[Aim of the exercise]:
Leave the pictures out. Retype exactly the lines below from the one containing "오후 2:00 현재 코스피는" through the one containing "Usage by Country for January 2024", and no others.
Material shown section start
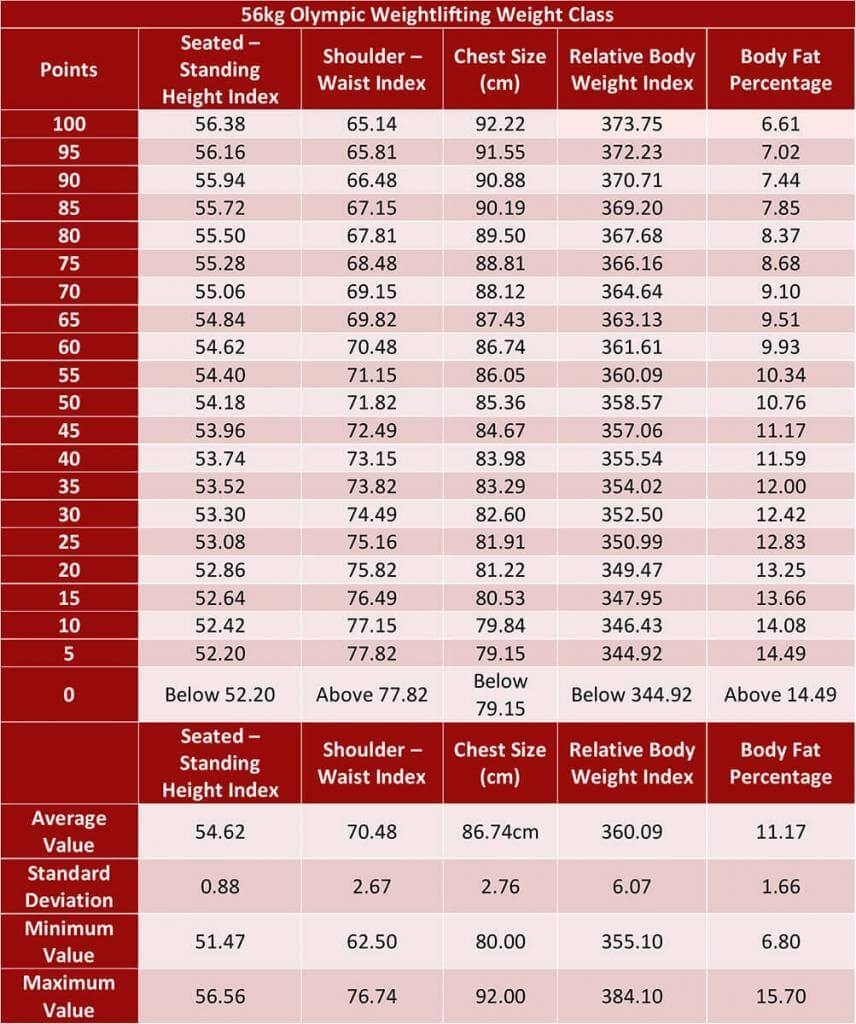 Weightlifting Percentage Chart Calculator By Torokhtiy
Material shown section end
Material shown section start
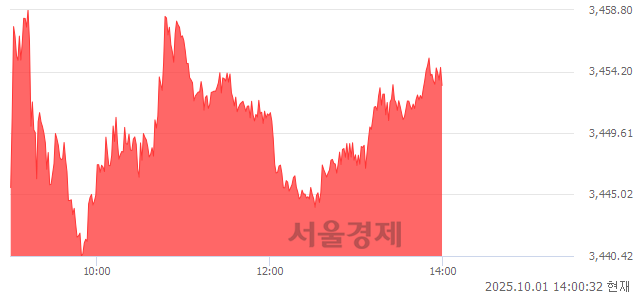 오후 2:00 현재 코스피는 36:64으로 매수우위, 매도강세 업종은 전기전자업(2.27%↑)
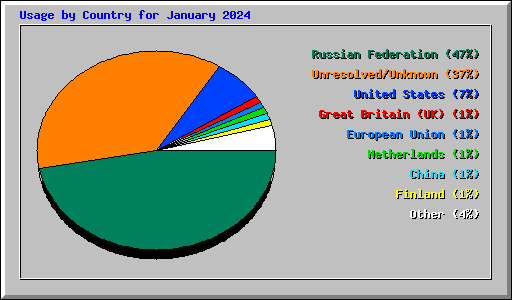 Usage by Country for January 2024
Material shown section end
[Final answer]:
 오후 2:00 현재 코스피는 36:64으로 매수우위, 매도강세 업종은 전기전자업(2.27%↑)
 Usage by Country for January 2024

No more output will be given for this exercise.